Fédération Camerounaise de Sports pour Déficients Physiques
- Founded: August 2011
- Focus: Sport, Disability
- Location: Yaounde, Cameroon;
- Origins: Founded following the dissolution of Fédération camerounaise des sports pour personnes handicapées
- Region served: Cameroon
- Key people: President: Herve Guy Ngoyo Ngon

= Cameroonian Sports Federation for the Physically Disabled =

National sports federation in Cameroon

Cameroonian Sports Federation for the Physically Disabled (FECASDEP) (French: Fédération Camerounaise de Sports pour Déficients Physiques) is the national sports federation for people with physical disabilities.

== Governance ==

FECASDEP is one of four member organizations of the Cameroonian Paralympic Committee (CNPC). The President is Herve Guy Ngoyo Ngon. In this role, he also serves as a Vice President of CNPC.

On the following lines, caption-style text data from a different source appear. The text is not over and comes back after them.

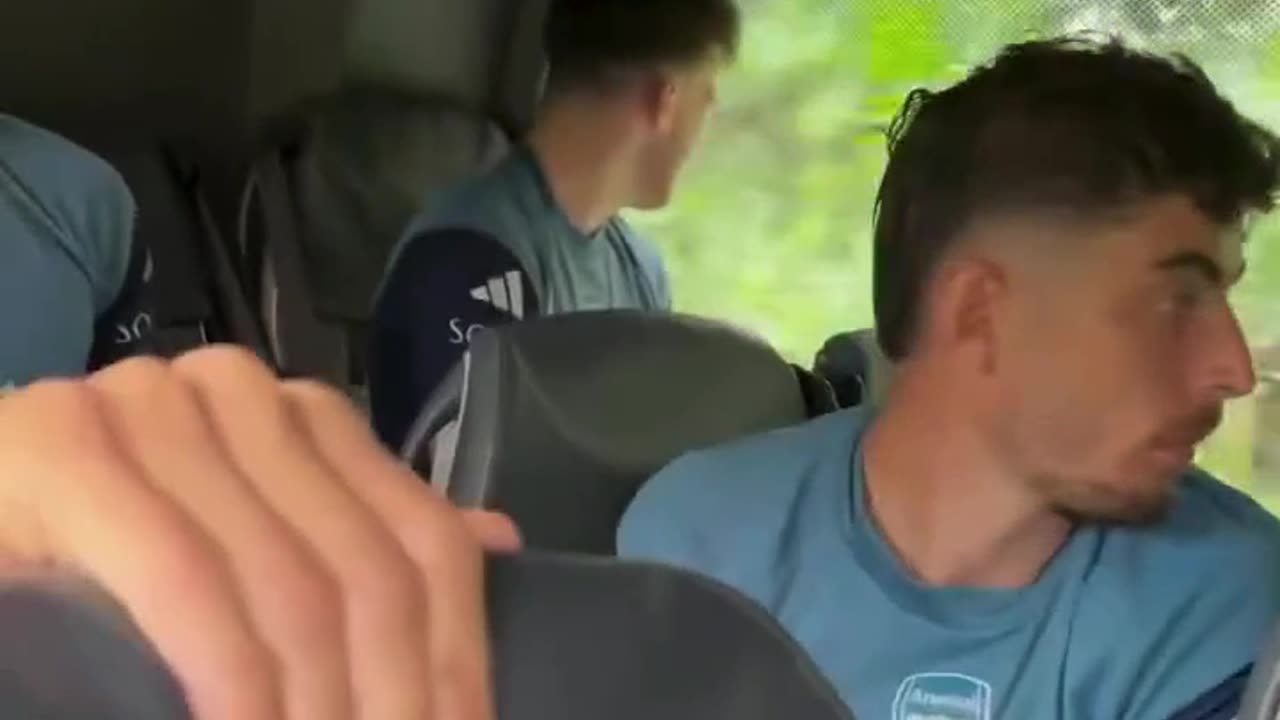 New Arsenal Signing Christian Norgaard Falls Asleep on Team Bus with Music Blaring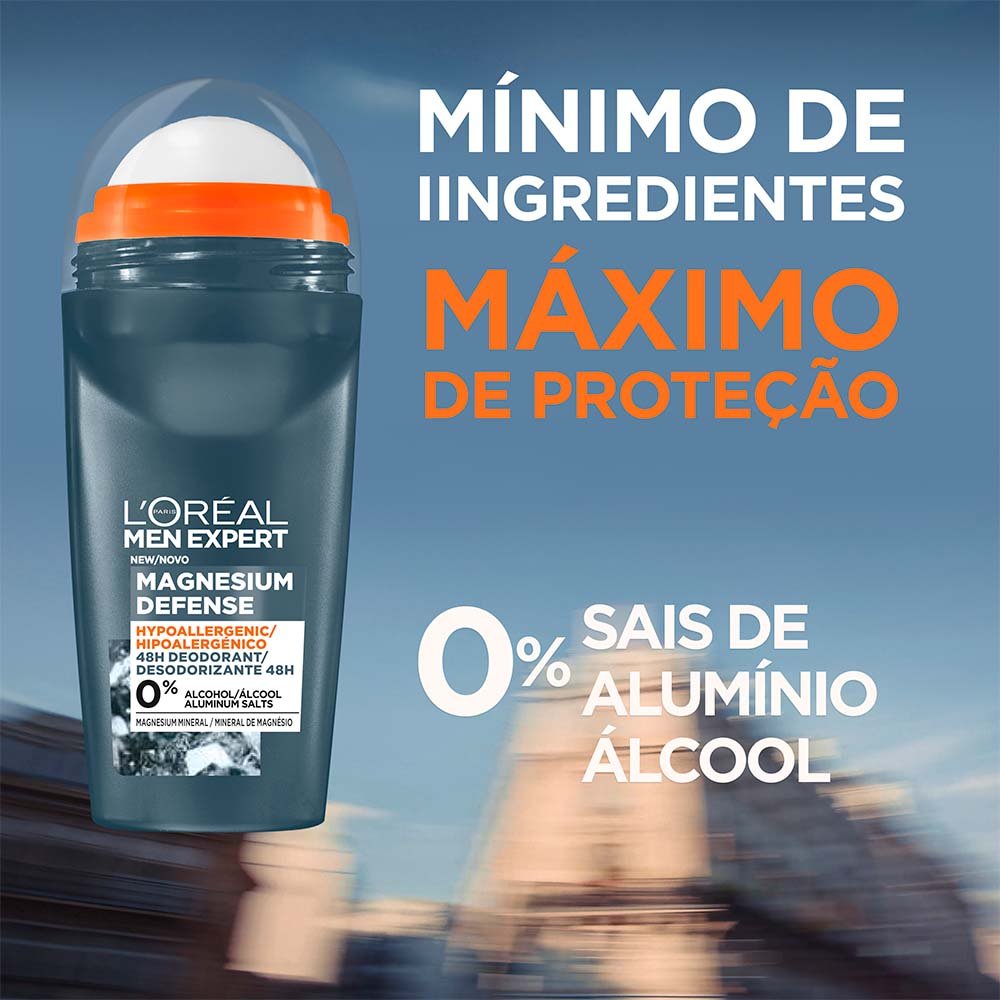 Desodorizante Roll-On Men Expert Magnesium Defense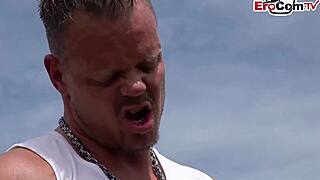 Picked up spanish tourist milf fucked outdoors on mallorca street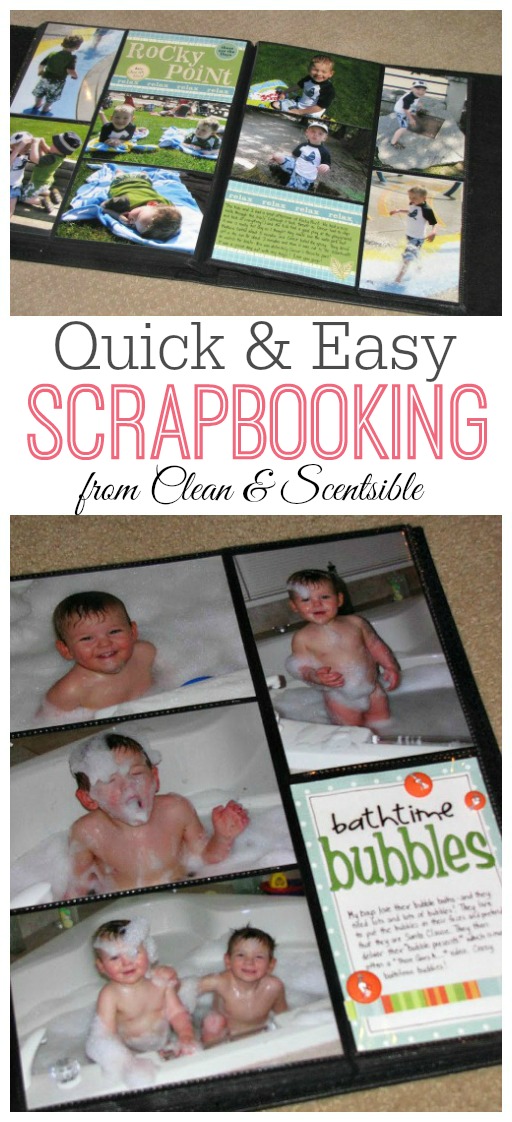 This is such a great way to get caught up on all of your scrapbooking and using up your left over supplies!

The federation is responsible for national team selection in internationals para-sports competitions that include people with physical disabilities.

== History ==
Articles 36 and 37 of "loi Nº2010/002 du avril 2010 portant protection et promotion des personnes handicapées" saw the organization formally recognized by law in Cameroon.  This was seen by the government as an important step in promoting physical activity for people with disabilities in the country.

Fédération camerounaise des sports pour handicapés (FECASH) was dissolved in July 2011 as a result of Law No. 2011-18 of 15 July 2011 related to the organization and promotion of Physical and Sporting Activities. It was replaced by Fédération Camerounaise de Sports pour Déficients Physiques (FECASDEP), Fédération Camerounaise de Sports pour Déficients Visuels (FECASDEV), Fédération Camerounaise de Sports pour Déficients Intellectuels (FECASDI) and Fédération Camerounaise de Sports pour Sourds (FECASSO). These four organizations were thane made members of the newly reformed Cameroonian Paralympic Committee. The process that dissolved FECASH and saw the formal creation of this organization began in March 2011.

FECASDEP was given funding to send 4 sportspeople to the 2011 All-Africa Games to compete in javelin and the 1,500 meters. FECASDEP held a two-week training camp ahead of the competition, and had a goal of having its athletes make the podium at the Games.